Не знаю почему, но я почувствовал, что покрываюсь испариной. Мне показалось, что действительно, в каких-то далёких пещерах раздаётся отдалённый женский голос, поющий красивую, немного печальную песню. Я зажал себе уши и вытаращился на Мику.
– Не бойся, ничего ты не слышишь на самом деле, это всё из-за того, что я сказал. Со мной безопасно. И всё-таки запомни.
Я прислушался снова, и на этот раз – ничего, кроме тихого, ровного гудения ветра где-то в глубине.
– Ну что, всё-таки тебе было страшно? – спросил мальчишка тоном, не допускавшим отрицательного ответа.
– Да, немного, – признался я. – Но вырыватели сердец… Когда они совсем рядом и один тянет к тебе свою перебинтованную руку… Откуда они взялись? Кто они?
– Так, – осадил меня Мика. – Давай договоримся: больше никаких вопросов. Что-то я разболтался, как бы мне от Марка не влетело. У тебя три дня на то, чтобы как следует подумать, какие вопросы ты ему задашь.
– Нет, ну хотя бы скажи, кто вы сами-то!
– Да просто люди, – сказал мальчишка, вставая и отряхивая колени.
«А он чистюля! – подумал я с внутренним смехом. – Как заботится о своей грязи! Как снимает с неё пылинки!»
– Живём тут, – продолжал Мика тем временем, потягиваясь и подпрыгивая, – занимаемся своими делами, никого не трогаем.
– Чем же вы занимаетесь? – спросил я с невинным видом.
В ответ он приставил указательный палец к моему носу и сказал:
– Тем же, чем мы с тобой будем заниматься эти три дня! Здесь очень много возможностей – можно бродить, охотиться, играть. Можно пугать друг друга. Спать. Привыкать к темноте и её шорохам. Учить наизусть расположение пещер и коридоров. Обходить провалы. Искать, где поднялась вода. И просто ждать Марка!
– И жарить крыс! – добавил я, чтобы показать свою осведомлённость.
Он усмехнулся:
– Любой каприз твоего величества будет исполнен!
Я встал за ним и постарался размять ноги. Голова ещё немного кружилась, но в руках и ногах уже пробуждалось желание куда-нибудь пойти и что-нибудь сделать.
– Пойдём, – сказал Мика. – Если вдруг выпустишь мою руку, не пугайся, – стой, никуда не уходи и жди, когда я тебя найду.
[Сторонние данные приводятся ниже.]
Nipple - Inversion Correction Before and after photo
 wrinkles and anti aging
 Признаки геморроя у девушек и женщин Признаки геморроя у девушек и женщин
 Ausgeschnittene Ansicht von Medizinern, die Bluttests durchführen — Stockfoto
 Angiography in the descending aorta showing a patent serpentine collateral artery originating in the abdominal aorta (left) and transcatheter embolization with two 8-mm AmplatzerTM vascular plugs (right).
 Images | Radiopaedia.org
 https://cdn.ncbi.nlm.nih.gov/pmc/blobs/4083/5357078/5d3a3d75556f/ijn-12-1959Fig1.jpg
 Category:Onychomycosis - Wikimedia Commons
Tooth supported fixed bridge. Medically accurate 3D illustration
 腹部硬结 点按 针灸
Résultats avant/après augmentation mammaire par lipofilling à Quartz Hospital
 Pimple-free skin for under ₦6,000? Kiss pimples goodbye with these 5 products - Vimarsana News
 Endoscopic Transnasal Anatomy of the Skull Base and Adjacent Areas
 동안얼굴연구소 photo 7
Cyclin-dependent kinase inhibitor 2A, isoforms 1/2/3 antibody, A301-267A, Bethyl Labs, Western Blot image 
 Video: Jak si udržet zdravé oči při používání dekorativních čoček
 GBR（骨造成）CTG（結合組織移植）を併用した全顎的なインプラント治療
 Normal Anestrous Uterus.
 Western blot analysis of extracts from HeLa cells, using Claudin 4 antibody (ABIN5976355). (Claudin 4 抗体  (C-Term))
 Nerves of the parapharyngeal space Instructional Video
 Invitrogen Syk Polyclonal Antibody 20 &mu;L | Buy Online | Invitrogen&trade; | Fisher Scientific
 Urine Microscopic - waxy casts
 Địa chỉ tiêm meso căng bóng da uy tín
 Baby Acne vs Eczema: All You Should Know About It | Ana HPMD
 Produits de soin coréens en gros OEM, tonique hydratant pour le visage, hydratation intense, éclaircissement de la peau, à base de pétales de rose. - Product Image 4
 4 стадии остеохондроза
Ты понял уже, наверное, что с темнотой мы не самые большие враги.
Камешки хрустели под нашими ногами, и это напоминало мне, как вырыватели сердец топтали мозаику в том здании. Неужели я действительно решил, что стал чиновником? За несколько часов прожил целую жизнь? Мне иногда снилось, что я живу где-то, у меня есть семья, дом, друзья, мы разговариваем, я помню каждого по имени, по-разному отношусь к тому или иному человеку. Порой во сне приходилось куда-то уезжать, и я возвращался, испытывая необыкновенно тёплую ностальгию по родным местам, бросал на землю дорожный мешок, выпрямлялся и говорил себе: «Я дома!» И закат ласково грел двор моего детства, в высокой траве так уютно скрывались старые доски забора… А потом я просыпался, реальность охватывала меня, и в душе не оставалось никакой нежности ко всей этой выдумке, о которой наяву я вспоминал свысока, с каким-то насмешливым презрением, хотя сны его совсем не заслуживали: они честно давали мне жить.
Совсем другое дело – постараться не спать наяву. Я с отвращением вспоминал свои мысли, свою спесь, свою радость от обретения высоких покровителей, к числу которых я относил даже Йохана! Но это же всё была иллюзия, два часа за столом ещё ничего не значили, во мне могли разочароваться, перевести в департамент пониже или и вовсе выбросить с работы… Стоп! Ты опять не о том думаешь! Как же всё-таки тяжело удерживать нить реальности, особенно в этой темноте! Хорошо ещё, что Мика такой маленький и я без труда поспеваю за его проворными ножками!